As the machine comes it looks so well, it inspires unbounded confidence, but the first time it is seen in undress, with the carriage part off, the machinery laid bare, the heart sinks, and one's confidence oozes out.

Parts are twisted, bent, and hammered to get them into place, bearings are filed to make them fit, bolts and screws are weak and loose, nuts gone for the want of cotter-pins; it is as if apprentice blacksmiths had spent their idle moments in constructing a machine.

The carriage work is hopelessly bad. The building of carriages is a long-established industry, employing hundreds of thousands of hands and millions of capital, and yet in the entire United States there are scarcely a dozen builders of really fine, substantial, and durable vehicles. Yet every cross-road maker of automobiles thinks that if he can only get his motor to go, the carpenter next door can do his woodwork. The result is cheap stock springs, clips, irons, bodies, cushions, tops, etc., are bought and put over the motor. The use of aluminum bodies and more metal work generally is helping things somewhat; not that aluminum and metal work are necessarily better than wood, but it prevents the unnatural union of the light wood bodies, designed for cheap horse-vehicles, with a motor. The best French makers do not build their bodies, but leave that part to skilled carriage builders.
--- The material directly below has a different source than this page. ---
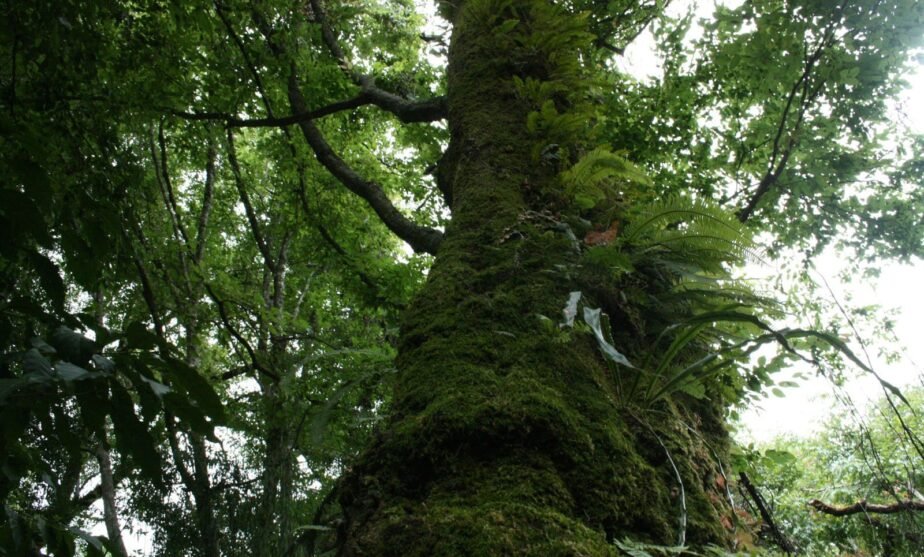 NAVIDAD ECOCIDA SAQUEO BOSQUES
CHAPTER SEVEN BUFFALO TO CANANDAIGUA BEWARE OF THE COUNTRY MECHANIC

The five hundred and sixty-odd miles to Buffalo had been covered with no trouble that delayed us for more than an hour, but our troubles were about to begin.
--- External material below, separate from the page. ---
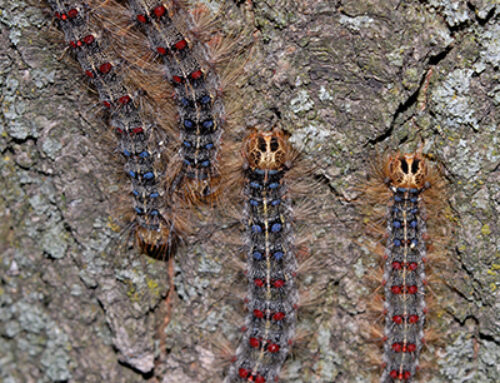 Controlling the Gypsy Moth Menace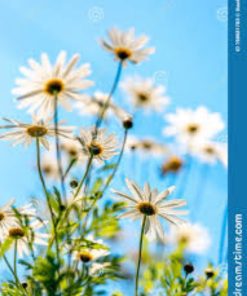 野雛菊夢幻香精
The Professor had still a few days to waste frivolously, so he said he would ride a little farther, possibly as far as Albany. However, it was not our intention to hurry, but rather take it easily, stopping by the way, as the mood—or our friends—seized us.

It rained all the afternoon of Tuesday, about all night, and was raining steadily when we turned off Main Street into Genesee with Batavia thirty-eight miles straight away. We fully expected to reach there in time for luncheon; in fact, word had been sent ahead that we would "come in," like a circus, about twelve, and friends were on the lookout,—it was four o'clock when we reached town.
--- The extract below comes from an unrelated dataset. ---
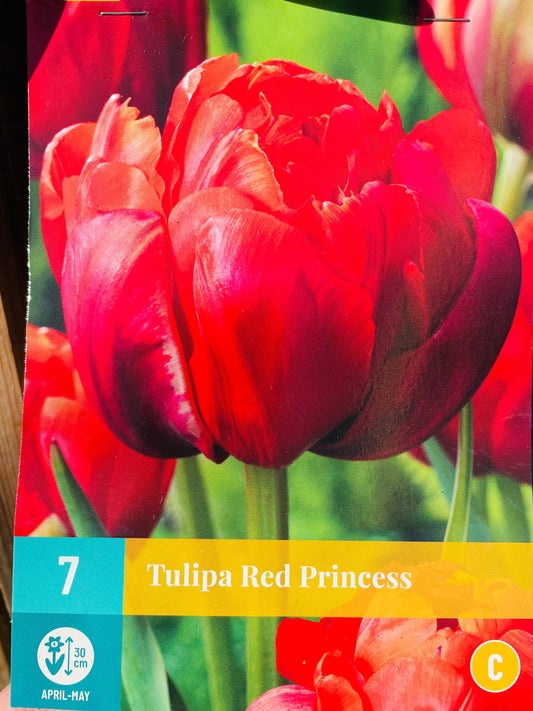 Bilde av TULIP RED PRINCESS 7-Spanne Plantesalg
The road is good, gravel nearly every rod, but the steady rain had softened the surface to the depth of about two inches, and the water, sand, and gravel were splashed in showers and sheets by the wheels into and through every exposed part of the mechanism. Soon the explosions became irregular, and we found the cams operating the sparker literally plastered over with mud, so that the parts that should slide and work with great smoothness and rapidity would not operate at all. This happened about every four or five miles. This mechanism on this particular machine was so constructed and situated as to catch and hold mud, and the fine grit worked in, causing irregularities in the action. This trouble we could count upon as long as the road was wet; after noon, when the sun came out and the road began to dry, we had less trouble.

When about half-way to Batavia the spark began to show blue; the reserve set of dry batteries was put in use, but it gave no better results. Apparently there was either a short circuit, or the batteries were used up; the bad showing of the reserve set puzzled us; every connection was examined and tightened. The wiring of the carriage was so exposed to the weather that it was found completely saturated in places with oil and covered with mud. The rubber insulation had been badly disintegrated wherever oil had dropped on it. The wires were cleaned as thoroughly as possible and separated wherever the insulation seemed poor. The loss of current was probably at the sparking coil; the mud had so covered the end where the binding parts project as to practically join them by a wet connection. Cleaning this off and protecting the binding parts with insulating tape we managed to get on, the spark being by no means strong, and the reserve battery for some reason weak.

If we had had a small buzzer, such as is sold for a song at every electrical store, to say nothing of a pocket voltmeter, we would have discovered in a moment that the reserve battery contained one dead cell, the resistance of which made the other cells useless. At Batavia we tested them out with an ordinary electric bell, discovering at once the dead cell.